Changing with the times
The COVID-19 pandemic has altered many aspects of how our society operates. These changes are focused around maintaining the activities of our daily lives while simultaneously flattening the curve of the virus. One of the most popular coping mechanism has been the integration of video chat and call services. Becoming more and more standard is the utilization of these services in the health care industry.
It makes sense, as many appointments do not require face to face communication with a physician. But this new operating basis in creating a problematic situation for those in addiction recovery. Most notably for those at the beginning stages of their sobriety.
Importance of aftercare
Aftercare in rehabilitation is hands down the most crucial part of the process. This is the time when individuals are on their own. No longer in a controlled environment, recently released patients are tasked with putting everything they learned in their treatment program into use. Something that is much easier said than done.
As a former professional at a drug and rehabilitation, I can recall countless instances of individuals who struggled with this transition. It was not uncommon to receive calls from concerned parents and loved ones within days of an individual’s program completion stating the person had relapsed.
There are a lot of factors that contribute to this, but one of the biggest reasons for this outcome was that the individual did not follow through with their aftercare plan. The transition back to the “real world” after rehab needs to be taken on a gradient. That is why the majority of post-treatment exit plans consist of face to face meetings with counselors or other professionals to ensure the individual is handling the switch successfully—emphasis on face to face.
Importance of face to face
The reason for this is that there are certain aspects of adequately assessing an individual that can only be done when they are actually in front of you. Perhaps video calls provide a better litmus test than a phone call, but it still does not offer the best opportunity to assess the patient truly. It’s not that it is impossible to get an accurate evaluation from a distance, but it is more complicated. This inability to accurately assess someone does not only put the individual at risk but depending on the type of treatment they are receiving, it could put them at risk of overdose and death.
COVID-19’s effect on restrictions
One of the more popular treatment methods for substance abuse is the use of maintenance drugs. This controversial treatment involves putting individuals on a prescription version of their drug of choice. The two most popular of these drugs are methadone and suboxone. Both of these drugs carry the risk of overdose and death. While many view them as dangerous, the only thing that made them palatable was the intense restriction put on them. Unfortunately, new policies to stop the spread of COVID-19 have drastically reduced these restrictions.
Individuals who were once required to meet with a counselor daily to receive medication are now being given a month’s supply. They are being allowed to fill them after a phone call or a video chat. This access presents a risk to anyone in recovery, but this danger is heightened for individuals just starting their recovery. The same stressors that make early recovery so hard might be the same factors that cause an individual to abuse the drug that is supposed to be keeping them “sober.” Given how powerful these drugs are, it puts an already vulnerably individual in a dangerous situation.

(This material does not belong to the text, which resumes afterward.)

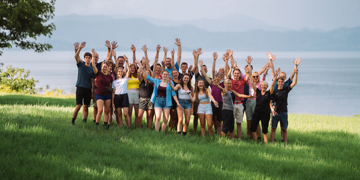 Familiereis Costa Rica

Reactions and future implications
An even more significant concern is that some are celebrating these practices. There has been a call to loosen restrictions on maintenance drugs for quite some time to no avail. Some people credit COVID-19 with forcing the industry to make these changes and hope they will remain intact even after this pandemic is under control. Knowing what we know about addiction recovery, this may do more harm than good.
Regardless of your stance on using these medications, it’s not a stretch to believe that increased access to them may prove to be catastrophic. It is important to note that many individuals who suffer from substance abuse misused medication in the first place. Giving individuals access to large amounts of narcotics right after putting in time and money to reverse their cycle of addiction is counterproductive and dangerous.